MÉTROPOLE LILLE    
Vendredi 1er février 2002
 
 
 

Daniel Devendeville répond à SOS Marque
La Marque suit son cours...

 

SOS Marque déplore la lenteur des travaux de curage et d'aménagement de la rivière, et le manque d'écoute. Daniel Devendeville, vice-président de la CCPP, explique.

 

Halte aux critiques. Après le maire de Tourmignies - l'une des trois communes qui veut «divorcer» de la Communauté de communes du pays de Pévèle - qui déplore le manque de travaux conséquents sur la Marque pour éviter les inondations, c'est l'association SOS Marque qui aiguillonne de nouveau la CCPP sur le sujet. Lors de sa dernière assemblée générale, elle n'a pas manqué de pointer les lourdeurs de l'administration, mais aussi le déficit d'écoute et de concertation de la part des élus.

 


Face aux critiques de ceux qui disent que les travaux de la Marque n'avance pas,
Daneil devendeville rétorque que beaucoup de choses ont déjà été faites,
comme le nettoyage d'urgence du lit de la rivière entre Ennevelin et Tourmignies.

 

Au moment où la CCPP est fragilisée par le départ annoncé d'Avelin, Attiches et Tourmignies, les dirigeants de la communauté de communes ont décidé de sortir de leur réserve. Notamment Daniel Devendeville, maire d'Ennevelin, vice-président de la CCPP chargé des questions d'environnement et ancien président de la structure. Il tient à expliquer pourquoi les travaux de curage et d'aménagement de la Marque ont pris du retard. "En 2000, l'année des deux inondations, c'était très difficile de travailler, car la communauté de communes attendait d'avoir récupéré les compétences du SIPEM qui s'occupait jusque-là du dossier de la Marque...", justifie l'élu, qui insiste sur la rapidité de la réaction depuis. "Dès le mois de mars 2001, nous avons inscrit dans le budget des lignes de trésorerie pour le nettoyage et le curage de la Marque. Mais c'est seulement en juillet 2001 que la CCPP a eu réellement la compétence. Tout de suite, nous avons lancé les appels d'offres pour la réalisation de la 6e et dernière tranche du curage de la rivière, déjà inscrite dans le contrat de rivière en 1988. Cette tranche concerne la partie qui se trouve entre le pont de l'autoroute Lille-Valenciennes et la Verte Rue à Ennevelin", souligne Daniel Devendeville. Selon lui, "le curage devrait être effectif pour le second semestre 2002".
Le vice-président de la CCPP insiste aussi sur les travaux d'urgence qui ont été menés les mois qui ont suivi les inondations. "Nous avons fait nettoyer le lit de la rivière sur la partie comprise entre le pont d'Ennevelin et Tourmignies. Comme nous étions en dessous de la barre des 300.000 F (45.734€), nous n'avons pas été obligés de passer, d appels d'offres. Et grâce à l'aide précieuse des bénévoles de SOS Marque, qui avaient fait des relevés très précis pour localiser les endroits encombrés de broussailles et de détritus, nous avons pu aller vite. En octobre 2001, ce nettoyage d'urgence était terminé...", constate Daniel Devendeville. De la même façon, la CCPP a suivi l'avis de l'Office national des forêts, qui préconisait la pose de moines dans la forêt de Phalempin (des sortes de petits barrages en amont qui évitent les inondations plus loin sur la Marque).

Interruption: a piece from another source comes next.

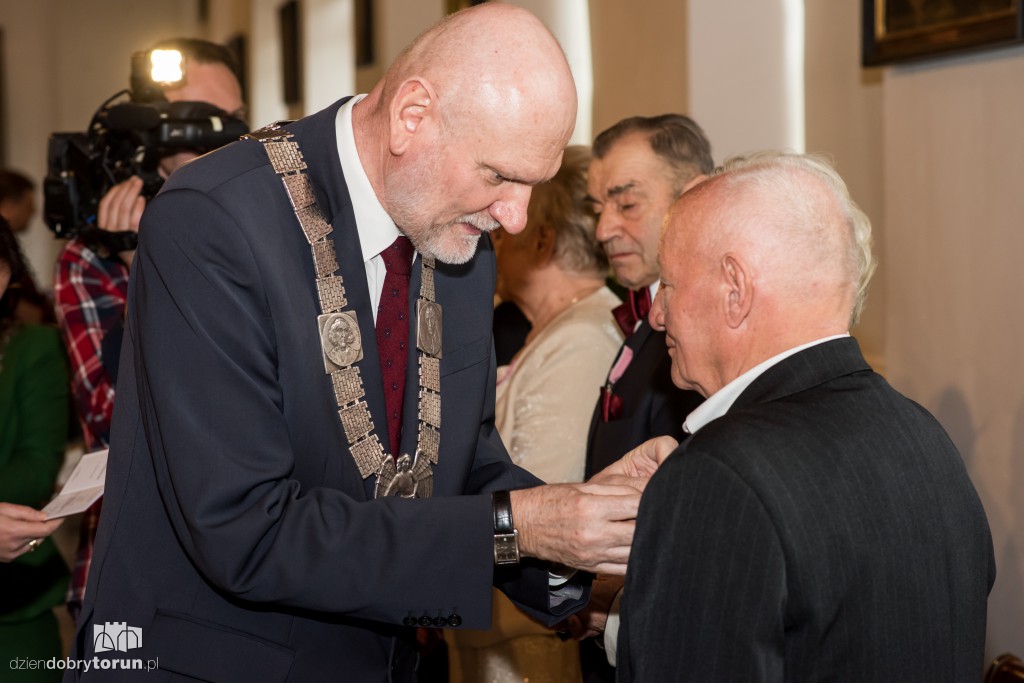 Jak wytrzymać z mężem lub żoną 50 lat?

Grande étude sur l'avenir de la Marque
Enfin, pour que ces inondations de l'an 2000 ne restent à tout jamais qu'un mauvais souvenir, «une étude est en cours, qui concerne tout le bassin versant au nord de Bouvines. Les financeurs (le Conseil général, la DIREN, l'Agence de l'eau, le Conseil régional...) souhaitent eu effet une réflexion beaucoup plus large que le simple curage des rivières. Cette réflexion doit porter sur un plan d'aménagement et de gestion à moyen et long terme, ce qui n’empêche pas de mener des actions en même temps pour lutter contre les inondations. Nous avons donc engagé en parallèle une étude hydraulique et une étude d’aménagement. Le cahier des charges devrait être prêt pour février ou mars», espère le vice-président. En tout cas, tous les partenaires attendent beaucoup de la réunion du 5 mars, pilotée par le Conseil général. Elle devrait apporter enfin des réponses concrètes aux attentes des riverains de la Marque.